**Problem description:**
Find the line that contains "Jeans - Mörkblåa" in the records below, then repeat exactly that line and each one after it, leaving pictures out.

[Data excerpts]
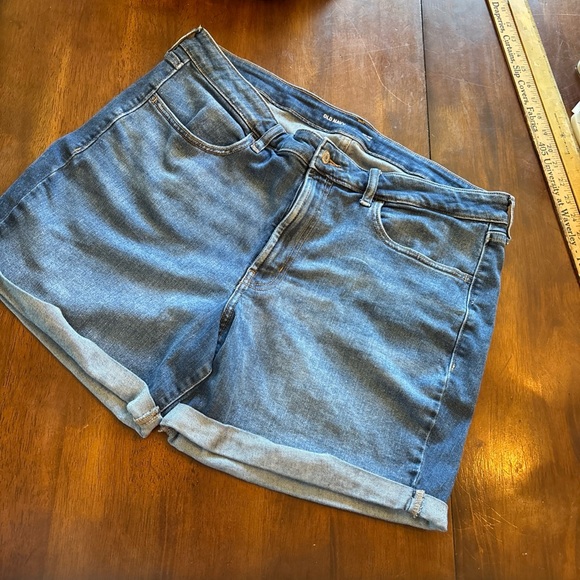 Old Navy Women's Mid-Blue Rolled Cuff Denim Shorts - Picture 4 of 10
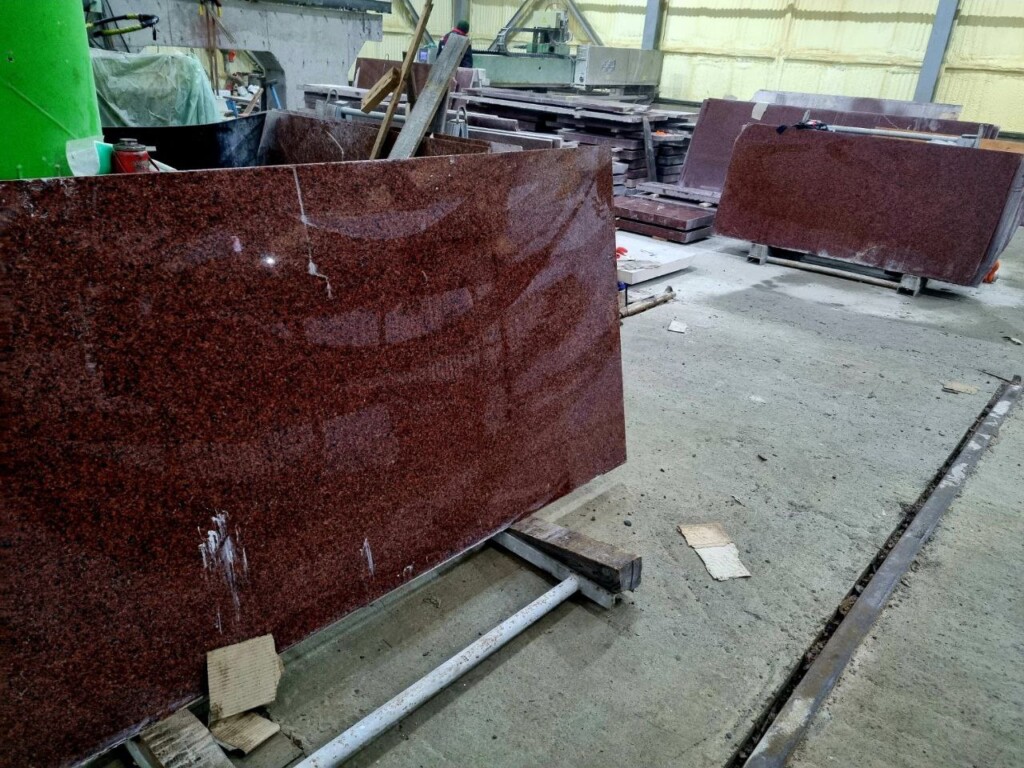 Сляби з червоного Лезниківського граніту
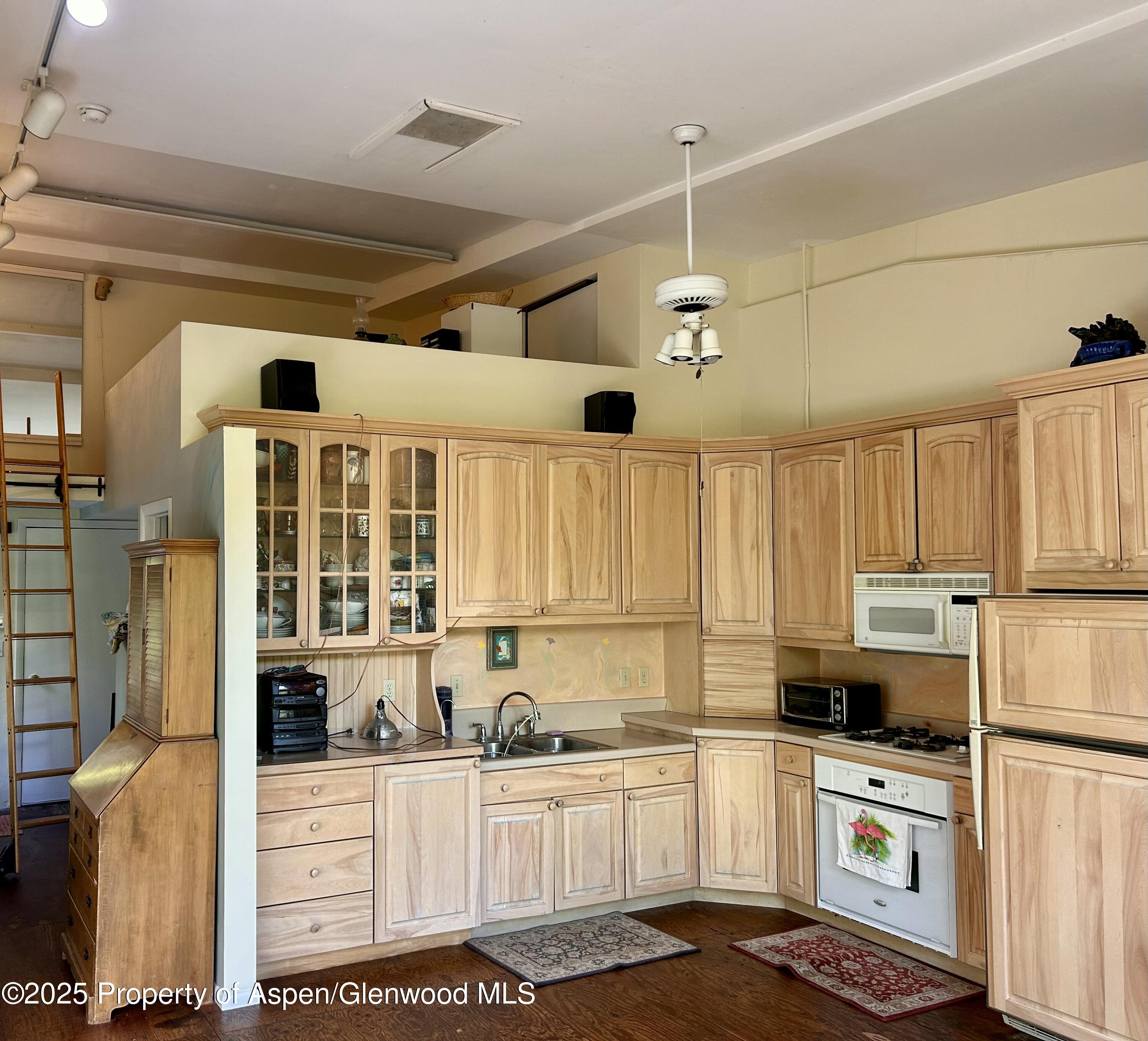 410 N Mill Street Property Photo 3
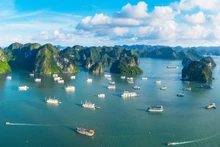 Bahía de Ha Long, uno de los 55 destinos más bellos del mundo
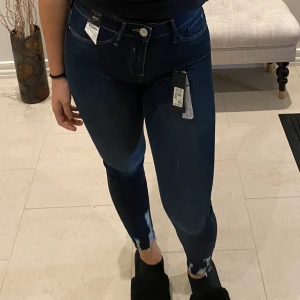 Jeans - Mörkblåa jeans. Helt oanvända, lappen är på. Pris går att diskuteras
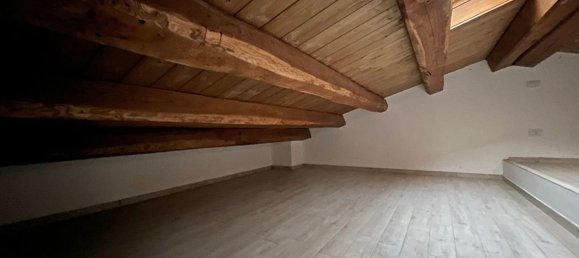 Dúplex de 2 habitaciónes en L'Aquila, Italy No. 104917 16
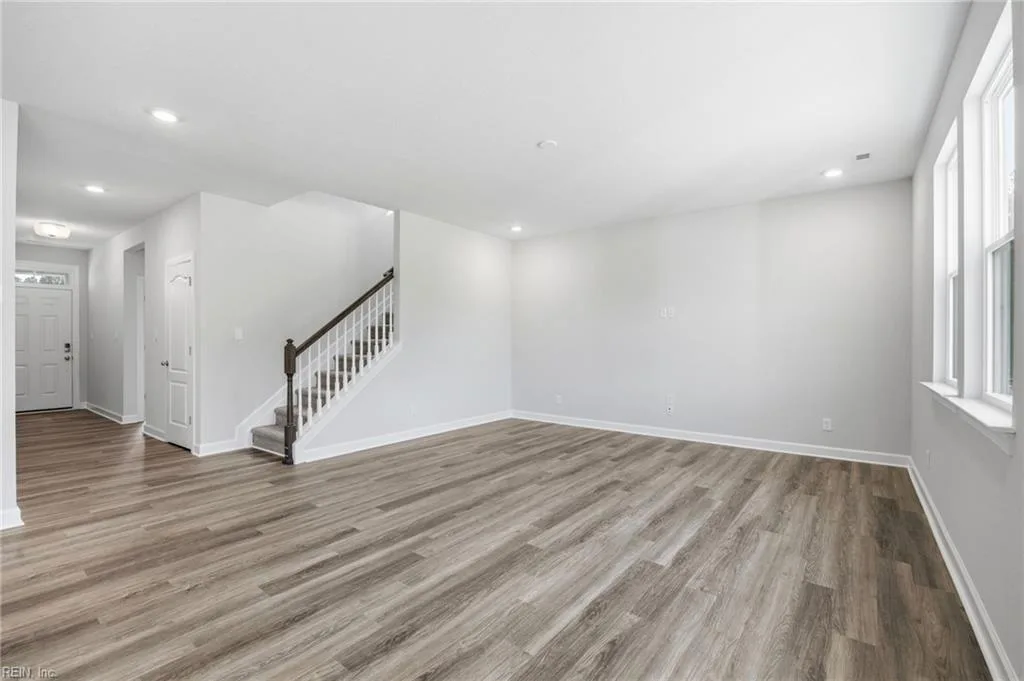 325 Tarn CT, SUFFOLK VA 23434 thumb 6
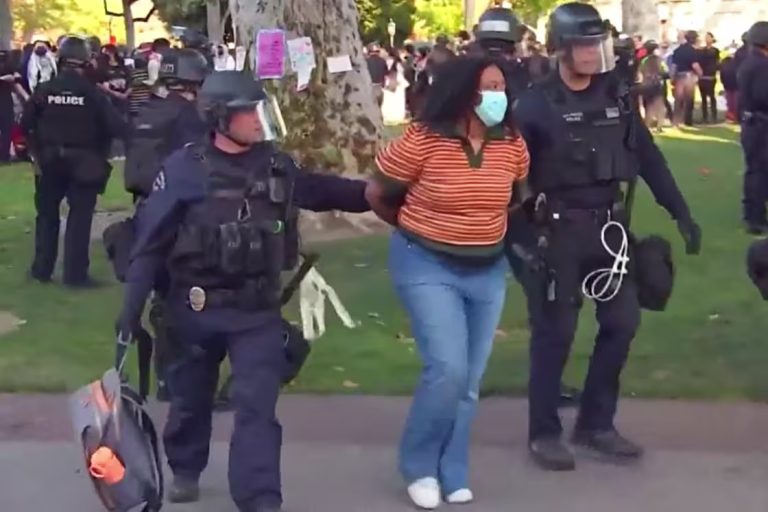 U.S. Violence breaks out at some pro-Palestinian campus protests U.S. Violence breaks out at some pro-Palestinian campus protests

**Task output:**
 Jeans - Mörkblåa jeans. Helt oanvända, lappen är på. Pris går att diskuteras
 Dúplex de 2 habitaciónes en L'Aquila, Italy No. 104917 16
 325 Tarn CT, SUFFOLK VA 23434 thumb 6
 U.S. Violence breaks out at some pro-Palestinian campus protests U.S. Violence breaks out at some pro-Palestinian campus protests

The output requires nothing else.